Ever Present also highlights Southeast Asia’s history with the First Peoples of Australia. These include artworks from northern Australia which reflect exchanges that existed for centuries prior to colonisation. They provide evidence of a robust trade in trepang or sea cucumber, between traders departing from the port of Makassar in South Sulawesi (Indonesia) to the north coast of Australia. From the 1970s, the technique of batik was introduced to several Aboriginal Communities in Central Australia, sometimes through direct exchanges and collaborations with artists in Indonesia. Ever Present showcases examples of this cultural exchange, through artworks that highlight each Community’s distinctive style.

Daniel Walbidi, Mangala/Yulparija peoples; Born Biyadanga Community/La Grange, Kimberley, Western Australia 1983

Relating the art and histories of Southeast Asia and the First Peoples of Australia: Southeast Asia Gallery Trail

For the duration of Ever Present, five contemporary artworks by Aboriginal artists will be on display in the Gallery’s UOB Southeast Asia galleries. This provides a unique opportunity to reflect on similarities and differences between the histories and art of Southeast Asia and the First Peoples of Australia including their shared experience of colonialism. Christopher Pease’s painting, Wrong side of the Hay (a deserted Indian village), directly references a 1798 engraving of a landscape in Western Australia. However, nothing in the original image reveals that this seemingly peaceful scene was the result of the forced displacement of the Nyoongar people from their Ancestral lands.
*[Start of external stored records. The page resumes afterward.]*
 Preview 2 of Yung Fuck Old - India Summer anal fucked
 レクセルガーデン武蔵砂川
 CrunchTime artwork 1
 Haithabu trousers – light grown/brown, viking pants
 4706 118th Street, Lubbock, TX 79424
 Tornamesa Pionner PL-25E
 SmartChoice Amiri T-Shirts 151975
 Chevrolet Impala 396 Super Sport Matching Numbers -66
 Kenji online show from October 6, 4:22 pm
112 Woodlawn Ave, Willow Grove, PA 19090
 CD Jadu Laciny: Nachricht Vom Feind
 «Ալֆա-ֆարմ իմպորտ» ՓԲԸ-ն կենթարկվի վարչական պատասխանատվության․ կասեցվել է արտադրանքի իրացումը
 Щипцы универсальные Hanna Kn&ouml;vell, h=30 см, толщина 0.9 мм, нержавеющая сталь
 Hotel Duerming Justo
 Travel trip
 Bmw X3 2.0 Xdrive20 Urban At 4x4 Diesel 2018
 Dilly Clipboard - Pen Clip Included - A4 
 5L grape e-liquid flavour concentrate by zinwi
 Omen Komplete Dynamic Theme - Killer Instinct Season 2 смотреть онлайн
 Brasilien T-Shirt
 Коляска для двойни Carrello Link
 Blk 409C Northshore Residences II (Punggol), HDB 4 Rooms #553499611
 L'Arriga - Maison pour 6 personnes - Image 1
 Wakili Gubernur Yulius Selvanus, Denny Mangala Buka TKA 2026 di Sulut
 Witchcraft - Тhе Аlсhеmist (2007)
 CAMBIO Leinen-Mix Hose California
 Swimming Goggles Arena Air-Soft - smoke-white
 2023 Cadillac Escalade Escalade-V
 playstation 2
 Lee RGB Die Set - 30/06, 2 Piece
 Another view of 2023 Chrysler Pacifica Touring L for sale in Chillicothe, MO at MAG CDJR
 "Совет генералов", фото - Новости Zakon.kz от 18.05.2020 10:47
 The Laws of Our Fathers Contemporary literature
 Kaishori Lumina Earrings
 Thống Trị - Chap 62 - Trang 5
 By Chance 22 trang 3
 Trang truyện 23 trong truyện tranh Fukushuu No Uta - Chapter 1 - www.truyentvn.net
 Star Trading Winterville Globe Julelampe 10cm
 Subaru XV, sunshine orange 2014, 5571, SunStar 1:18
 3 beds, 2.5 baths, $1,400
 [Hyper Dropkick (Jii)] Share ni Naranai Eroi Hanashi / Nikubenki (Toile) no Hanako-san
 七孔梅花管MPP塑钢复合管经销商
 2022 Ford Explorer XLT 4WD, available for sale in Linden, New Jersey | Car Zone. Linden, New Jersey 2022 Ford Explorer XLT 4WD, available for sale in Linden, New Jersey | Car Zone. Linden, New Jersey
This work is placed in the UOB Southeast Asia Gallery 3, alongside similar images of picturesque and unoccupied landscapes in Southeast Asia; visitors are invited to reflect on what else may have been omitted from the artworks which display no traces of colonisation or industralisation.

Programmes, Curator Tours & Activities

Visitors interested in diving deeper into the histories and culture of First Nations can attend art historical lectures, curator talks, artist dialogues and curator tours throughout the exhibition’s duration. Visitors can also look forward to performances, including Painting the Dance by Mariaa Randall and Henrietta Baird, and a special edition of the Gallery’s Resonates with Residency programme, featuring Singapore-based artist, Syafiq Halid. Visitors may also learn more about Ever Present through its related programmes via the Art Journeys function at or through the Gallery’s new interactive Activity Cube and Digital Self-Service Kiosks. Ever Present: First Peoples Art of Australia will run from 27 May 2022 to 25 September 2022 at Singtel Special Exhibition Gallery, City Hall Chamber and UOB Southeast Asia Gallery. General Admission (free for Singaporeans and PRs) applies. Viewer discretion is advised for select artworks.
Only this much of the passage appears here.